24* Partindo para Copenhagen de Niels Bohr

Ålborg Ano 4 # 1301

Temperatura –14ºC

A meteorologia informa que a temperatura em Ålborg é 14 graus abaixo de zero. Estamos deixando o cálido apartamento, ainda noite escura, para tomar um ônibus e ir ao aeroporto. Viajamos esta manhã à Copenhagen, onde está –4ºC . Todo aquele que tenha estudado algo de Química certamente, ao falar de teoria atômica, evoca Niels Bohr. Pois esse blogue é postado quando estou quase partindo para a cidade onde ele nasceu e morreu e nela teve relevância enquanto um dos cientistas mais importantes do século 20.

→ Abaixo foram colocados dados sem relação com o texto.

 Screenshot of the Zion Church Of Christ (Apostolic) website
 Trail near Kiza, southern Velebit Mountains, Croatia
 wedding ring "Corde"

Assim a edição de hoje é em homenagem a Niels Henrick David Bohr (7 de outubro de 1885 – 18 de novembro de 1962) cujos trabalhos contribuíram decisivamente para a compreensão da estrutura atômica e da física quântica.

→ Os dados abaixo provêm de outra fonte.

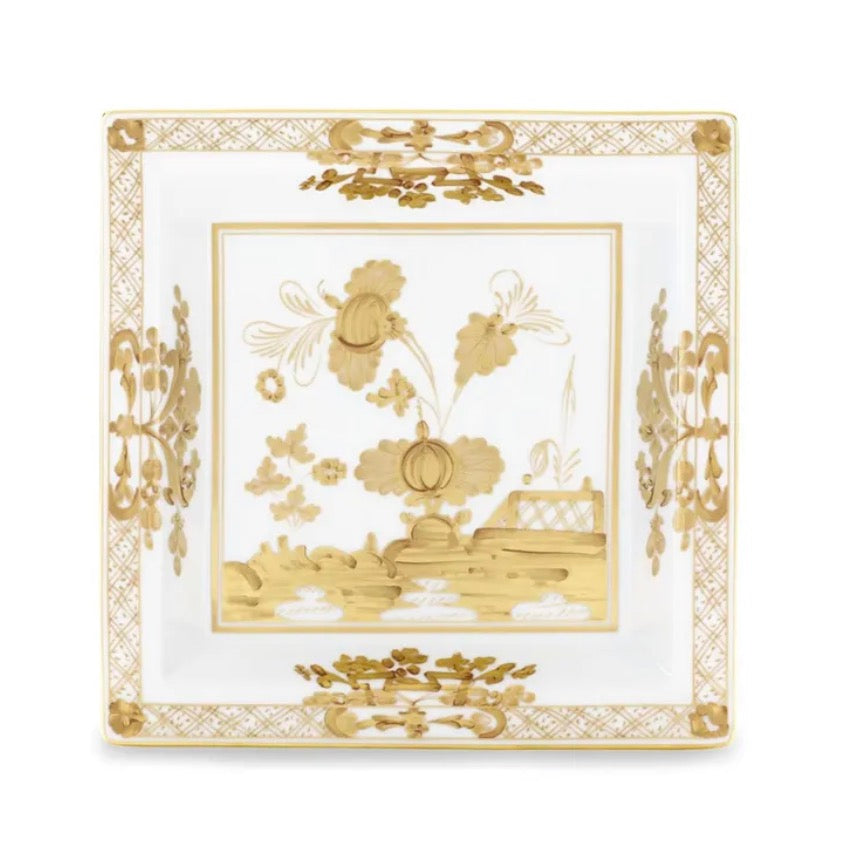 Oriente Italiano Square Change Tray- Aurum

Minha homenagem não se pautará na trazida da biografia do eminente cientista, pois relatos de sua vida e seus feitos estão disponíveis, por exemplo, na Wikipédia. Também não tenho condições de trazer aqui comentários de um excelente livro que possuo com cartas que Niels Bohr escreveu para sua noiva enquanto trabalhava com Rutherford. Bohr está na nota de 500 coroas dinamarquesas (cerca de 200 reais) no verso ‘Cavaleiro lutando contra um dragão de Lihme Church’, as demais notas são de 50 DKK, 100 DKK, 200 DKK e 1000 DKK.

Trago hoje, tocado pelo nome da cidade onde estarei quando meus leitores acessarão este blogue comentários acerca da peça Copenhagen, que assisti duas vezes. Em 25 de setembro de 2002, registrei em meu diário: “vi ao mesmo tempo uma das melhores aulas de História e Filosofia da Ciência e de Didática. Ratifiquei isso em 17 de maio de 2005, ao assistir, pela segunda vez a peça na Unisinos, durante o Simpósio Internacional Terra Habitável: um desafio para Humanidade.

A peça Copenhagen trata de momento histórico altamente discutível e do qual pouco se sabe, amealhei algumas informações que reparto aqui. A estreia foi Londres, em 1998. Seu autor é o dramaturgo (também repórter e tradutor) Michael Frayn (Londres, 1933), detentor de muitos prêmios recebido por uma longa lista de produções, especialmente para teatro.

Sem tirar nada do suspense e até da trama envolvente do texto Copenhagen, vale olharmos um pouco o cenário para onde somos transportados pela magia do teatro. Viveremos, então em 1941, em meio aos momentos mais dramáticos da guerra que iniciara em 1939 e ainda se estenderia até 1945. Estamos em Copenhagen, capital da Dinamarca, ocupada pelos nazistas, situação igual à parte significativa de uma Europa dilacerada. As atrocidades bélicas intestinas que hoje vemos em alguns dolorosos conflitos de nossos dias, eram barbarizadas então, com batalhas de nações contra nações.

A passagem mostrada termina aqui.